Synthetic ngVLA Observations of Ionized Gas in Massive Protostars and Future Prospects for Protoplanetary Disk Studies with ngVLA and SKA.

The study of protoplanetary disks is essential for understanding stellar evolution and the origins of planets. However, these systems present significant observational challenges due to their small angular size, low surface brightness, and complex structure. Radio interferometry provides a unique advantage by observing dust and gas at wavelengths that penetrate the dense regions where the protoplanetary disk forms. The upcoming Next Generation Very Large Array (ngVLA) will transform protoplanetary disk studies with its unprecedented angular resolution and sensitivity in the millimeter and centimeter bands. These capabilities will allow high-fidelity imaging of disk substructures, planet-disk interactions, and dust evolution, offering critical insights into the processes shaping planetary systems. The Square Kilometre Array (SKA) will complement these efforts by detecting cold molecular gas, magnetic fields, and ionized material, providing additional constraints on disk dynamics and chemistry. Together, these facilities will enable a multi-scale, multi-phase perspective on planet-forming environments.

A major challenge associated with these observatories is the immense volume of data they will generate and the necessitating advanced deconvolution and imaging techniques to reconstruct high-fidelity images.

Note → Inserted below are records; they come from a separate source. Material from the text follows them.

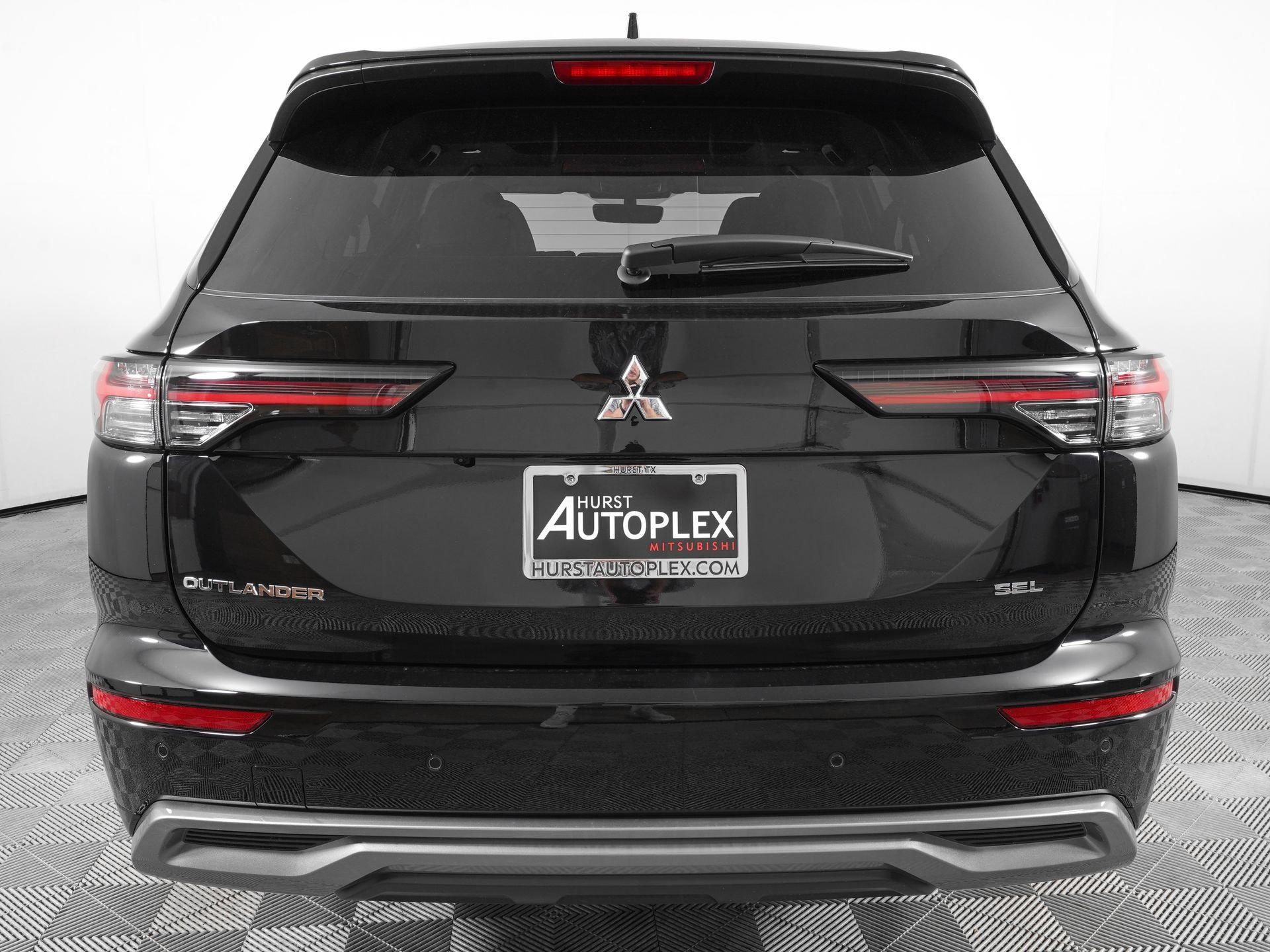 New 2026 Mitsubishi Outlander SEL FWD image 2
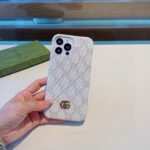 Gucci Classic Monogram Phone Case | Metal Logo & Polished Edge, In Sync with Official Launch - 图片 10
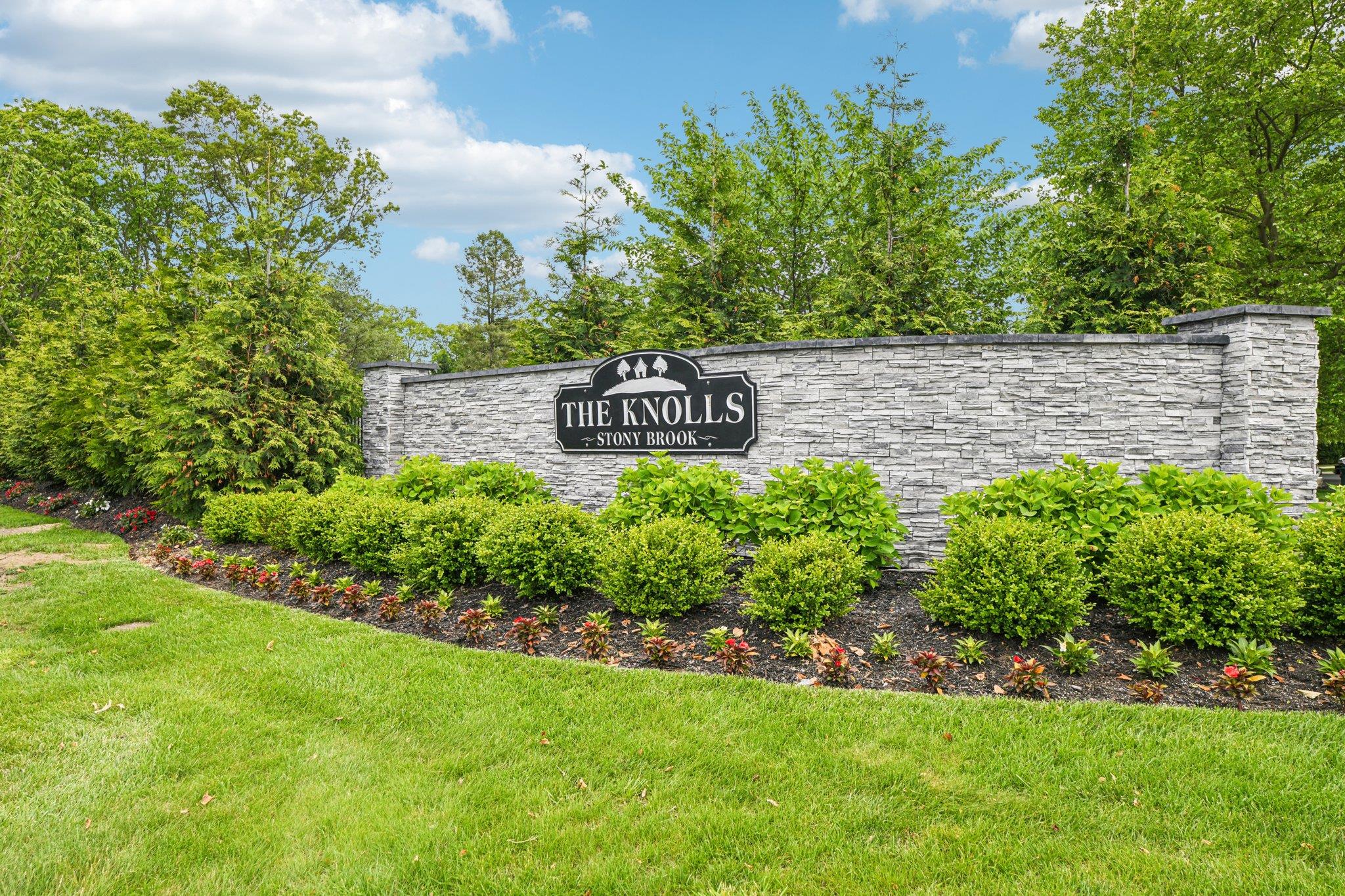 Knolls Drive, Stony Brook, Hamptons, NY - 2 Bedrooms  
2 Bathrooms - 
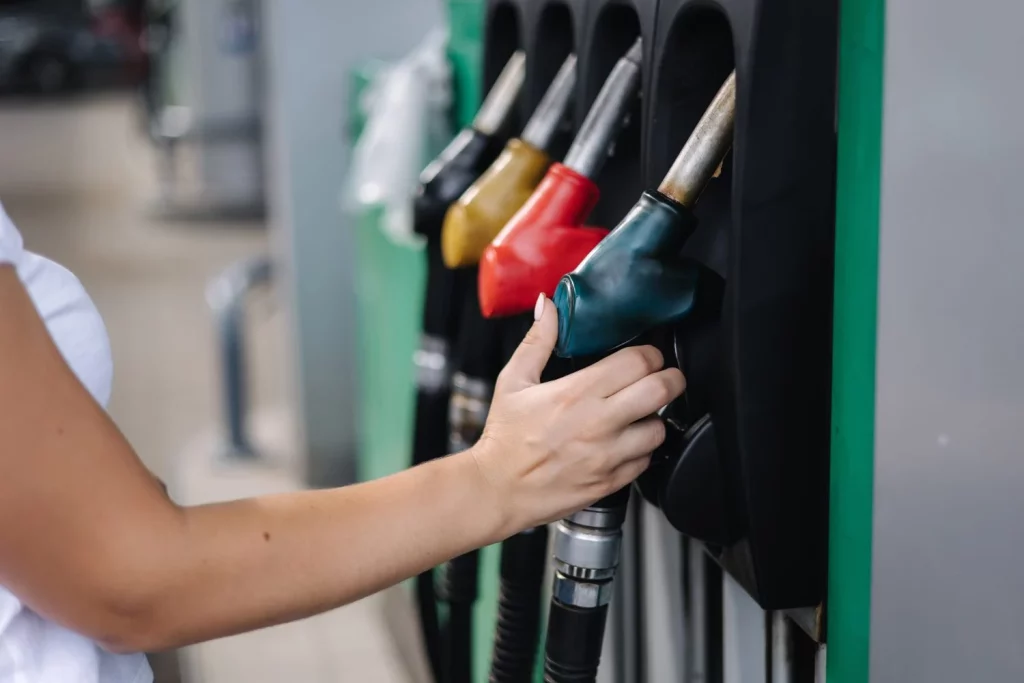 REGULACIÓN Y GARANTÍAS: LO QUE LA LEY EXIGE A CUALQUIER GASOLINERA
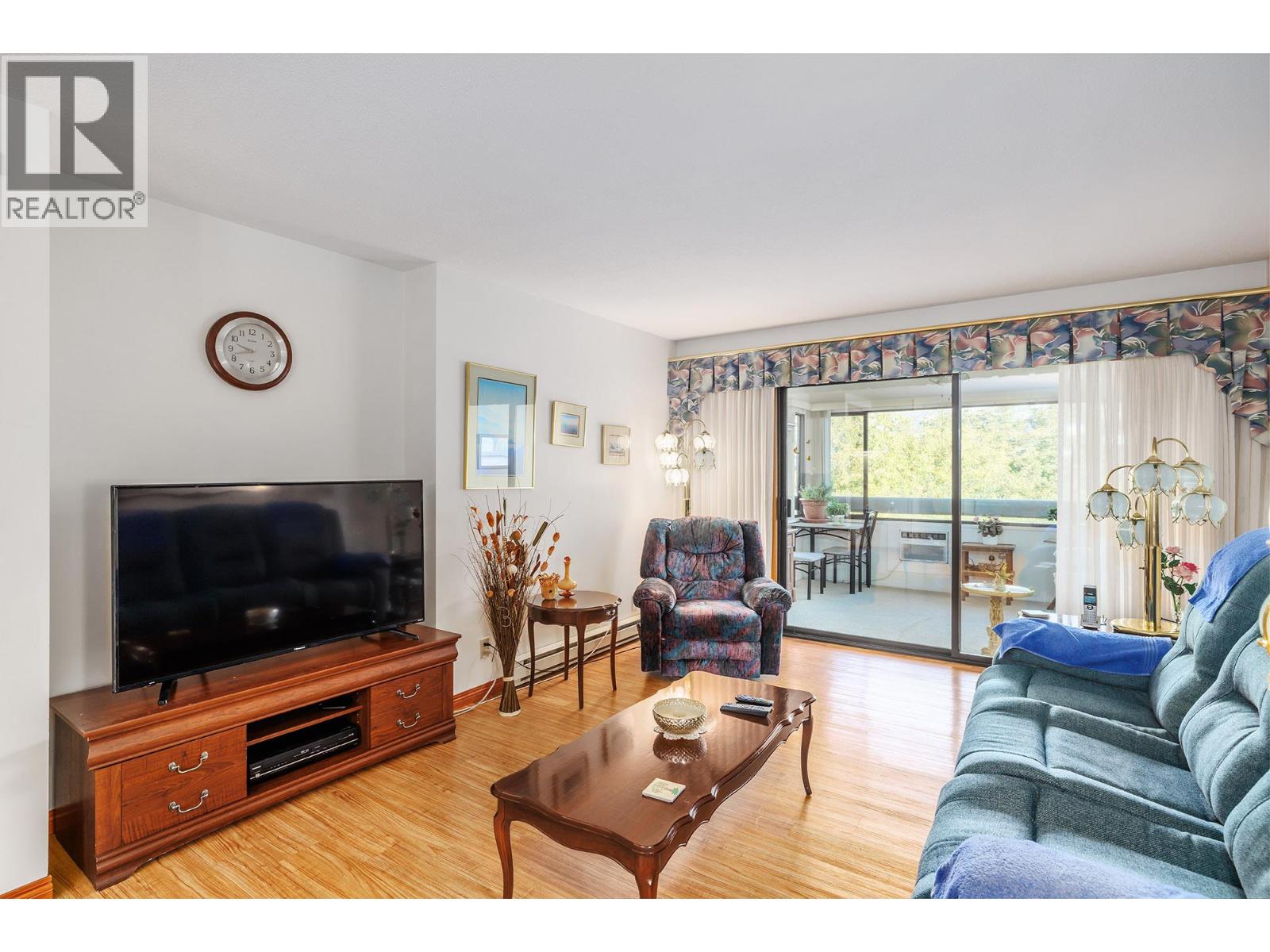 1075 Bernard Avenue Unit# 301, Kelowna, British Columbia  V1Y 6P7 - Photo 3 - 10366111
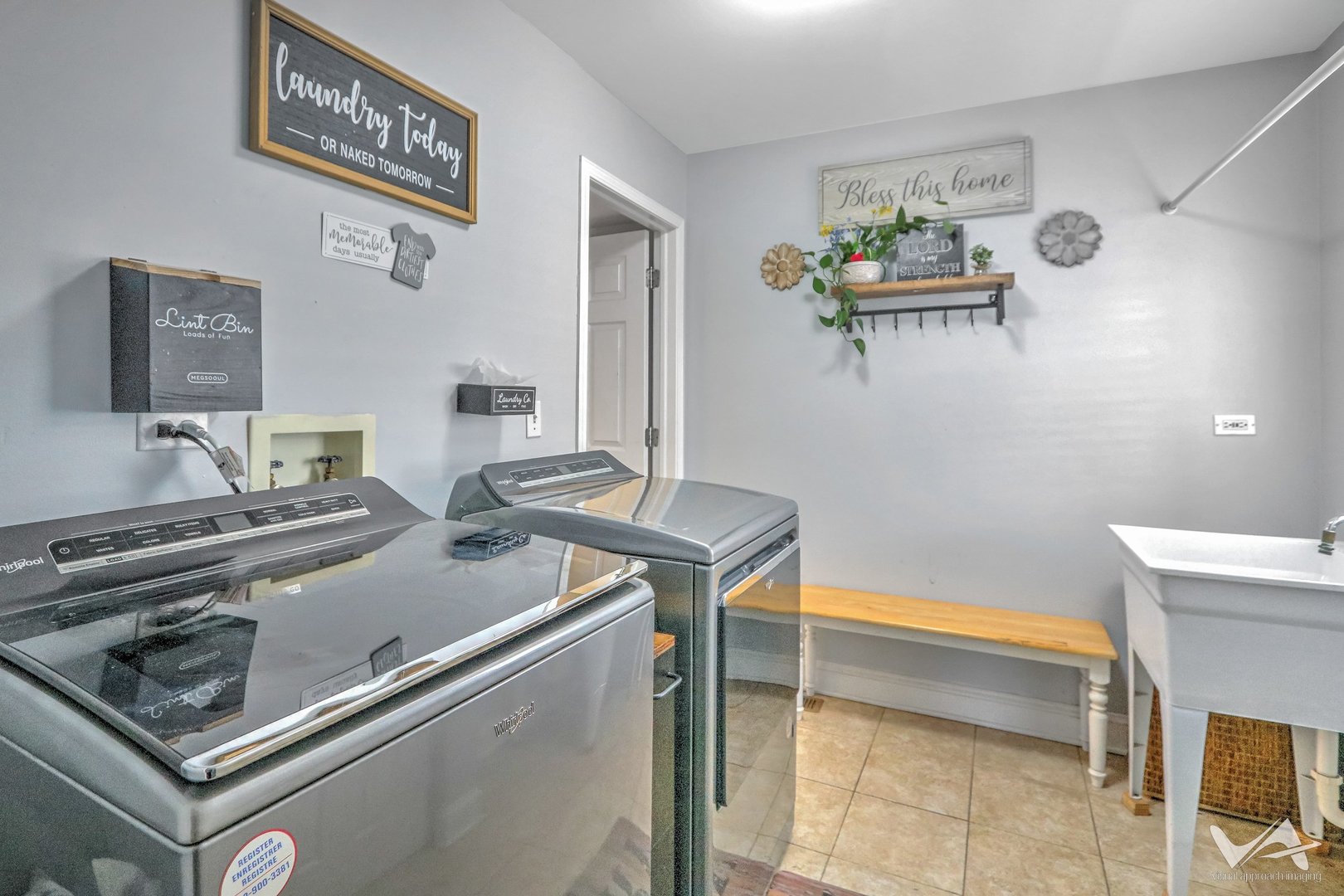 1348 Normandy Lane, Bartlett, IL 60103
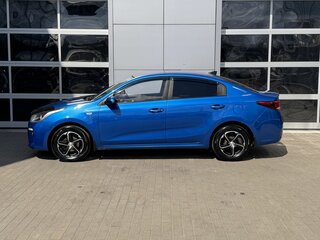 2018 Kia Rio IV, голубой, 1230000 рублей, вид 4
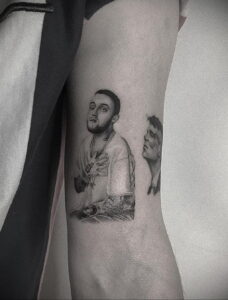 Черно-белое фото татуировки на боку с изображением двух портретов Mac Miller в разных ракурсах.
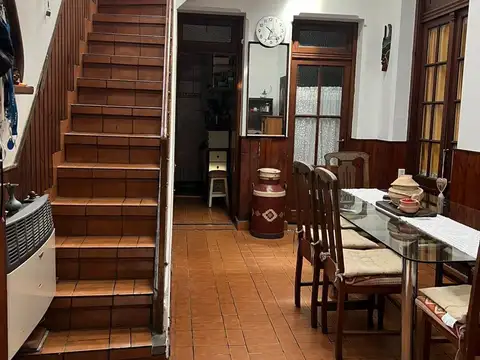 Depto Tipo Casa en Venta 56 años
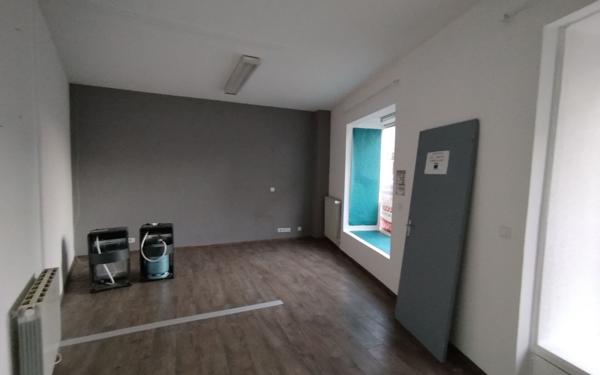 Maison à vendre    2 pièces •  Joyeuse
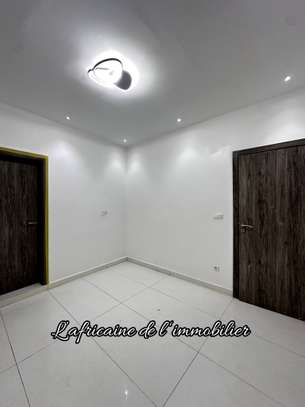 À louer – Appartement F4 neuf aux Mamelles image 10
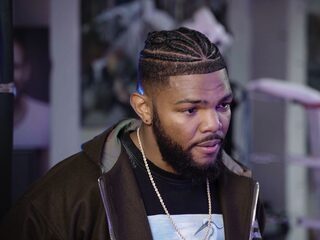 Luis Tavares cancelt Glory-wereldtitelgevecht met Rus Vakhitov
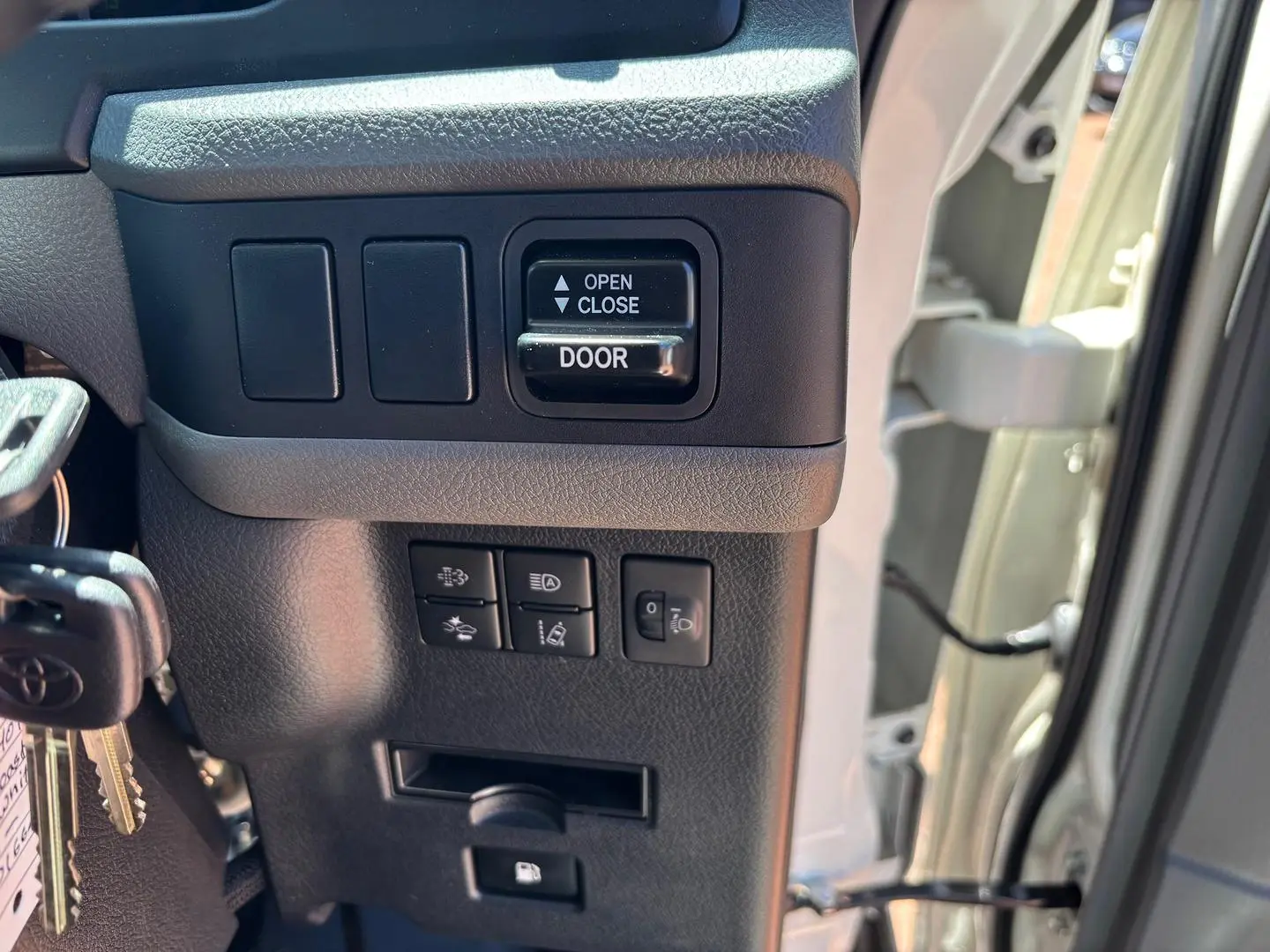 2025 Toyota Coaster Gallery Image 10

In this talk, I will present results from simulated ngVLA observations of ultracompact HII regions (Jáquez-Domínguez et al. 2025) and my current work on protoplanetary disks, where I am testing the capabilities and optimal configurations of ngVLA and SKA to maximize their scientific performance. By combining state-of-the-art radiative transfer models with next-generation imaging techniques, we aim to refine strategies for future high-resolution disk studies. These efforts will be crucial for unlocking the full potential of ngVLA and its synergy with SKA and ALMA, paving the way for transformative discoveries in planet formation.